→ The problem: Your task is to find every line of the data that holds the string "with" and copy it.

BEGIN Exercise materials

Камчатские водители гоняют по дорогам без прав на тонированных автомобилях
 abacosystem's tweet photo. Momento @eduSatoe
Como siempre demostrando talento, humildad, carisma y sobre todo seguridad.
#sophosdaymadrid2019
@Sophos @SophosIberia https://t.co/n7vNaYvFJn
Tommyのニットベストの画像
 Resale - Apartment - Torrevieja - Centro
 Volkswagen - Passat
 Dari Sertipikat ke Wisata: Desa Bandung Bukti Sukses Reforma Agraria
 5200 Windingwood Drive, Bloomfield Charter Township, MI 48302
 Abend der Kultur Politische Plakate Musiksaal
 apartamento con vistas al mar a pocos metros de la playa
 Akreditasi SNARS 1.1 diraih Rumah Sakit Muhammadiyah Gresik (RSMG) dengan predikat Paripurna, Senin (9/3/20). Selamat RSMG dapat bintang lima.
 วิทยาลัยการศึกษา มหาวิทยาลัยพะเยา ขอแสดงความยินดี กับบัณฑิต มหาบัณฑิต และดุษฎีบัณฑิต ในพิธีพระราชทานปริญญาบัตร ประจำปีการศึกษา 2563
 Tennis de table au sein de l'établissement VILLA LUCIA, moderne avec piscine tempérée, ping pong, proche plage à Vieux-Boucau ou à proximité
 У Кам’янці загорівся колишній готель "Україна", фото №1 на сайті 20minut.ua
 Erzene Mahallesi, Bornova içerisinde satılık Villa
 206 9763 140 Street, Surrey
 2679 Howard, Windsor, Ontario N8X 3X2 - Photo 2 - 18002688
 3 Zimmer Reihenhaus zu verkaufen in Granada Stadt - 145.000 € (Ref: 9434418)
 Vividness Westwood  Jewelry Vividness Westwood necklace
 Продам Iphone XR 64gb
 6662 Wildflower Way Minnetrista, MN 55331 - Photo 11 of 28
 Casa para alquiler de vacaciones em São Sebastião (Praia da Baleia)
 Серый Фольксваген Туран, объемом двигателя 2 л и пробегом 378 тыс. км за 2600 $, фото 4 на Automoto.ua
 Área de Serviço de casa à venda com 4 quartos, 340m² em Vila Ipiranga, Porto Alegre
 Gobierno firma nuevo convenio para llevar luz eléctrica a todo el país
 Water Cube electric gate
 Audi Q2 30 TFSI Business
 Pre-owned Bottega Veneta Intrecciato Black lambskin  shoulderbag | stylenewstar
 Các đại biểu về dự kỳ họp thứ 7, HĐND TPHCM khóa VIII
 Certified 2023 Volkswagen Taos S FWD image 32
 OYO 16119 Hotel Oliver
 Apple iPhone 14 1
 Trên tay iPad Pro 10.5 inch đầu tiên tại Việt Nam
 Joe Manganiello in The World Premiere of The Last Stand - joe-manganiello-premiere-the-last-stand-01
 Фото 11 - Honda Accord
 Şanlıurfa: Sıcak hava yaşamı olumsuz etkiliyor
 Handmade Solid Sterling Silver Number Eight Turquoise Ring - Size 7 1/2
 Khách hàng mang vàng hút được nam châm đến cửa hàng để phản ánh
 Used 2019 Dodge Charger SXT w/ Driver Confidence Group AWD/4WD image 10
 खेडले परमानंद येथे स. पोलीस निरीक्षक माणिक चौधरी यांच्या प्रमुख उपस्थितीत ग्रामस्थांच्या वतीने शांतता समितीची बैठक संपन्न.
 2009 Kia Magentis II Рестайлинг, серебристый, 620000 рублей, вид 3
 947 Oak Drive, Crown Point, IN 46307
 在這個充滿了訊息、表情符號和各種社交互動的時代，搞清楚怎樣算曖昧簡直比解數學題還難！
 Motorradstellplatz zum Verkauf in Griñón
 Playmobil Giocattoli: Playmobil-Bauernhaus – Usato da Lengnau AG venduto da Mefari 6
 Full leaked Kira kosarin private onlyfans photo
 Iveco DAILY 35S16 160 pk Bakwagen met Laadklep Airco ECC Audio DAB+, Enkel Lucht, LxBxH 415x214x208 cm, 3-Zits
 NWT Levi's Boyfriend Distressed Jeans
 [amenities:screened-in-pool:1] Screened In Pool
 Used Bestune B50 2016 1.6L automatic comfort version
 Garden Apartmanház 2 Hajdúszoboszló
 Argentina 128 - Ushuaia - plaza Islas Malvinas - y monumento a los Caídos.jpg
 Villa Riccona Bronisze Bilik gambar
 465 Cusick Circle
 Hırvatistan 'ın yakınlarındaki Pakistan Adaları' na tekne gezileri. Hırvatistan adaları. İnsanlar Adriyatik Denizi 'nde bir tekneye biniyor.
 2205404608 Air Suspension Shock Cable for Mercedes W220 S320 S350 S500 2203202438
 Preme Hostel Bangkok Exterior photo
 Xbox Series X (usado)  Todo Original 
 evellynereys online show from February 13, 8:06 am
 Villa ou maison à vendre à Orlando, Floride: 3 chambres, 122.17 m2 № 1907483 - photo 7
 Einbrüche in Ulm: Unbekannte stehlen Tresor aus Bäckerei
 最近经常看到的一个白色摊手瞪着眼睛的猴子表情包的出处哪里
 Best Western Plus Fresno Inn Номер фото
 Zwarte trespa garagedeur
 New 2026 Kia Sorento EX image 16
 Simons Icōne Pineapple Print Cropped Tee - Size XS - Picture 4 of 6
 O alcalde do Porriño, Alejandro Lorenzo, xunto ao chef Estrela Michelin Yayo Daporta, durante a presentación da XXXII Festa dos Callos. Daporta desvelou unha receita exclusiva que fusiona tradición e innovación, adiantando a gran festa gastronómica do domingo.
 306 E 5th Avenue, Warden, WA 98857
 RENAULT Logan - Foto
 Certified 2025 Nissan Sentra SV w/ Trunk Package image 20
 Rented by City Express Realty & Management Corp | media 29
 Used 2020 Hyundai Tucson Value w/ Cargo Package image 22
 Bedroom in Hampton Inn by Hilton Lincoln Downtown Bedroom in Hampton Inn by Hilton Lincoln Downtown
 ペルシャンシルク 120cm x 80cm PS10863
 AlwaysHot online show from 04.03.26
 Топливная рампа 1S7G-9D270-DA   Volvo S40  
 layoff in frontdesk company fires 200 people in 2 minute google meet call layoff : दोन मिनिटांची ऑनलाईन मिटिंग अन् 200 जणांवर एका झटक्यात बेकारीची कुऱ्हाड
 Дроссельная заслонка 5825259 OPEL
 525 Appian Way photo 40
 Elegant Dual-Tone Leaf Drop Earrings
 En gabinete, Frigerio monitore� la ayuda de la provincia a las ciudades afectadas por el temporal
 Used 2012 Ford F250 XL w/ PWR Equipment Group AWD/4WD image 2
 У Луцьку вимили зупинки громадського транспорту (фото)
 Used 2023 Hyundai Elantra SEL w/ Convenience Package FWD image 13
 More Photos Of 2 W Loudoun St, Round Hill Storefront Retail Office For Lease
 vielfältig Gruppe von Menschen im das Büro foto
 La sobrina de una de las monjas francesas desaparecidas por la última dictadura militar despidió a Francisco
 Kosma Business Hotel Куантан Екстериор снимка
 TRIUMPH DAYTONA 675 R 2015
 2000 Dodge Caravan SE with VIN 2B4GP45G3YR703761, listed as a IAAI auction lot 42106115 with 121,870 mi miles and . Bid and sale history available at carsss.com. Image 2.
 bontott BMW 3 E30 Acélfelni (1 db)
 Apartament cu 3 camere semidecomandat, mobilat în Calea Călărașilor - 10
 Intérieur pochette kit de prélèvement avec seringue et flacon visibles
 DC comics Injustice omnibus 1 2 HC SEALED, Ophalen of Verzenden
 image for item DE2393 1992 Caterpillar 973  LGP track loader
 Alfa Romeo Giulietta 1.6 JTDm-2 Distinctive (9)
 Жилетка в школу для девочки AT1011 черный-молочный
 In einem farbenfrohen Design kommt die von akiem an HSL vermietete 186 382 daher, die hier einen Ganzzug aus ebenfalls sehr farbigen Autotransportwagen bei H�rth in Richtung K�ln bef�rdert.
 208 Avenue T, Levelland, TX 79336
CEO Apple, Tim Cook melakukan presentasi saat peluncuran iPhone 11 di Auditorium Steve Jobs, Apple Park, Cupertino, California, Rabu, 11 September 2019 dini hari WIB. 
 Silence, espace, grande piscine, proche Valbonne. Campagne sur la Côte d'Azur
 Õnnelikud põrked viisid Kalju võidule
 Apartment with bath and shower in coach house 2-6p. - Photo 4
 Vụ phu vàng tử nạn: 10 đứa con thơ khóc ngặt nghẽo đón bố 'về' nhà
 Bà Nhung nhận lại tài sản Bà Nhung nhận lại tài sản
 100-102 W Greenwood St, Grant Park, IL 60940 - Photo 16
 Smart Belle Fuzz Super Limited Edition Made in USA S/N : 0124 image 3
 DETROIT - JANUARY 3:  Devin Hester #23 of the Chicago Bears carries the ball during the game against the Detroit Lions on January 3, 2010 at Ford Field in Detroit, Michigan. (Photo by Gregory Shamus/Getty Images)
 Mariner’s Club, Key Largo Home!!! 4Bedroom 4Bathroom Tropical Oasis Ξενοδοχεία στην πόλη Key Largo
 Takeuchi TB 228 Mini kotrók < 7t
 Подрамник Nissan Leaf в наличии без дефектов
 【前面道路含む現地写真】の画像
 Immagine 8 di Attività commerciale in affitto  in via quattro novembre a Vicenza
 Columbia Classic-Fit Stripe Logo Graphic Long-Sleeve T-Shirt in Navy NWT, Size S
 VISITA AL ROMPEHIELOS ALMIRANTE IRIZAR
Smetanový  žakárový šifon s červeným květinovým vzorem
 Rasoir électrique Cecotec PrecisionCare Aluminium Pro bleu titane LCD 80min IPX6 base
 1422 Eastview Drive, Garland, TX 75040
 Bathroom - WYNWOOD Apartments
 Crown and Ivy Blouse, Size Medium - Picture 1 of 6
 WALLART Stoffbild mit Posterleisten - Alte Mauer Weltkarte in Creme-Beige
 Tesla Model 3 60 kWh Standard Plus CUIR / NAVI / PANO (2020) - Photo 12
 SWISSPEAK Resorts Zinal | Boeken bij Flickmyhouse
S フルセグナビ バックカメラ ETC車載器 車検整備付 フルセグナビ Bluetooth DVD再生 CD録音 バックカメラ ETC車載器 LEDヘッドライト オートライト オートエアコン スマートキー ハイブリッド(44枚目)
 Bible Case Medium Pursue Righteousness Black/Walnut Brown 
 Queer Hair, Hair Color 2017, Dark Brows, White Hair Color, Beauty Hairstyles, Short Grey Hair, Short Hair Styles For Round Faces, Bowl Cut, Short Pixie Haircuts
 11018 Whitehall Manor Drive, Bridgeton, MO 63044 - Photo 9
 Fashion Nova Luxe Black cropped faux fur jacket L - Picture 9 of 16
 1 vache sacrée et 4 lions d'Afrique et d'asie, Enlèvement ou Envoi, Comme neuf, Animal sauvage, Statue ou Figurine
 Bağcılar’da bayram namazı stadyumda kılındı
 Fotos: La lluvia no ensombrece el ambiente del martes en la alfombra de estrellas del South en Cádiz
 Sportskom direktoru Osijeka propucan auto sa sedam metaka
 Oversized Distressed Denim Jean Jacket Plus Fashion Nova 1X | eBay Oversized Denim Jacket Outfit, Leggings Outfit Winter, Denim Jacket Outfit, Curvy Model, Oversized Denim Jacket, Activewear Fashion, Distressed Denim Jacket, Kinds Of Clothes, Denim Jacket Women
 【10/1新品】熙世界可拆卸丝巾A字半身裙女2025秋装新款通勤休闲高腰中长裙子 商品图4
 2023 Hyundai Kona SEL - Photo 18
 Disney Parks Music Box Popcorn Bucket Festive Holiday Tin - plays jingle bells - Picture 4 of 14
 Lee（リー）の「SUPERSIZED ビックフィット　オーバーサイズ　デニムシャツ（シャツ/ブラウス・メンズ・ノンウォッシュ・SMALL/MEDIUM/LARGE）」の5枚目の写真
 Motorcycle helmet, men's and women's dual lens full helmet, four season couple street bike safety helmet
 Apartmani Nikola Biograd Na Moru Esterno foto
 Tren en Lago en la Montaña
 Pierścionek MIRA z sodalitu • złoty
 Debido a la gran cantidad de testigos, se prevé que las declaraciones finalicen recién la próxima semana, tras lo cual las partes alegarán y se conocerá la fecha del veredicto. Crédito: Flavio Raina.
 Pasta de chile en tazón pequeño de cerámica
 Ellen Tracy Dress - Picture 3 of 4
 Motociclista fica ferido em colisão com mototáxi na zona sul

END Exercise materials

→ Response to the exercise:
 2000 Dodge Caravan SE with VIN 2B4GP45G3YR703761, listed as a IAAI auction lot 42106115 with 121,870 mi miles and . Bid and sale history available at carsss.com. Image 2.
 Apartment with bath and shower in coach house 2-6p. - Photo 4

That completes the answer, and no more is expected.